Munas harus memilih ketua umum baru yang kompeten yang bisa merenovasi organisasi PBSI menjadi lebih baik, dan dapat diandalkan guna membantu menghidupkan lagi turnamen dan pemusatan latihan di daerah yang selama ini menjadi kawah candradimuka pemain muda berbakat.
Dalam empat tahun terakhir, sangat terasa bahwa pembinaan di daerah terabaikan dan pelatnas kurang menghasilkan output atlet bulutangkis yang bisa diandalkan. Terutama untuk menggapai kembali gelar juara Thomas Cup dan Uber Cup yang sempat menjadi kebanggan negeri ini.
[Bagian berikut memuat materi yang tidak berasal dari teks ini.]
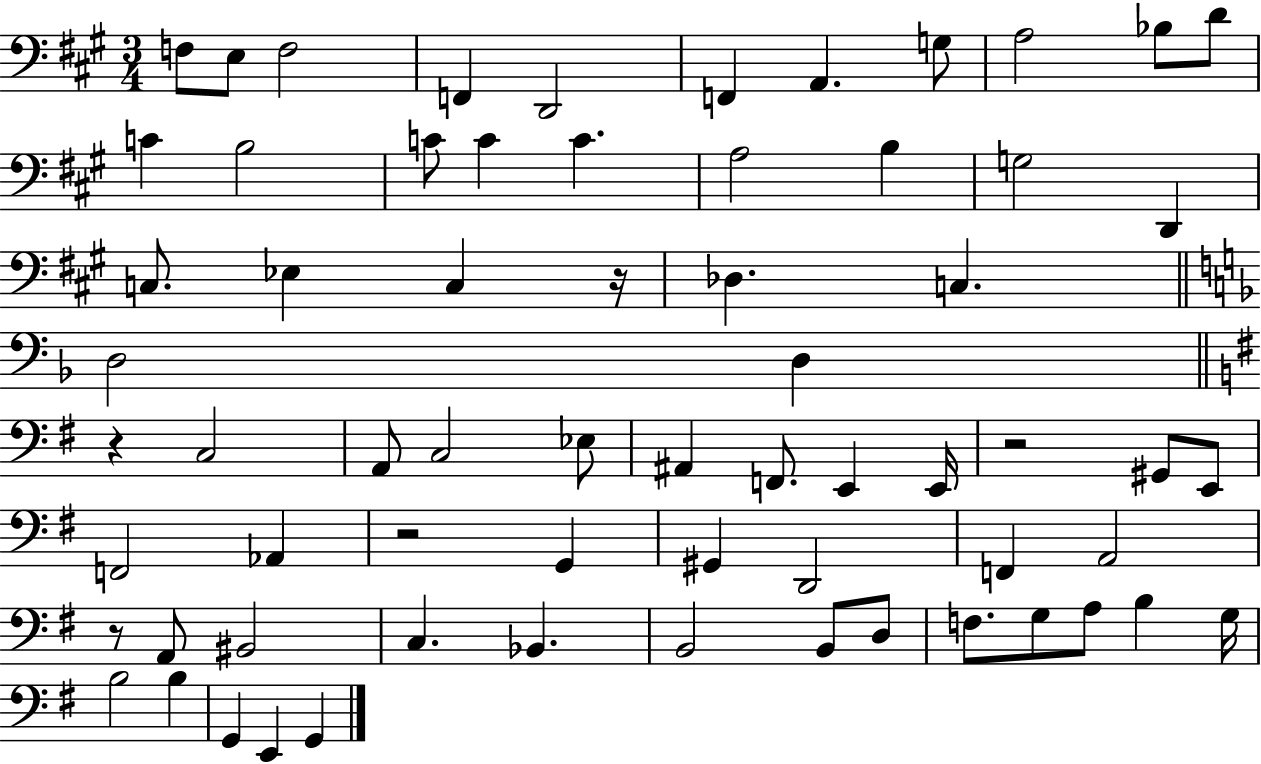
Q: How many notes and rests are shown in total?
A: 66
Ketua Umum PBSI yang baru juga harus memiliki kemampuan dalam mengoleksi dana atau sponsorship. Jangan hanya mengandalkan sponsor dari satu grup perusahaan saja. Harus ditarik pula BUMN dan BUMN untuk ikut menopang kebangkitan bulutangkis tanah air. Semoga
[] Anto Murtianto, wartawan senior olahraga, sekarang bergabung sebagai Wakil Pemimpin Redaksi BOGOR-KITA.com.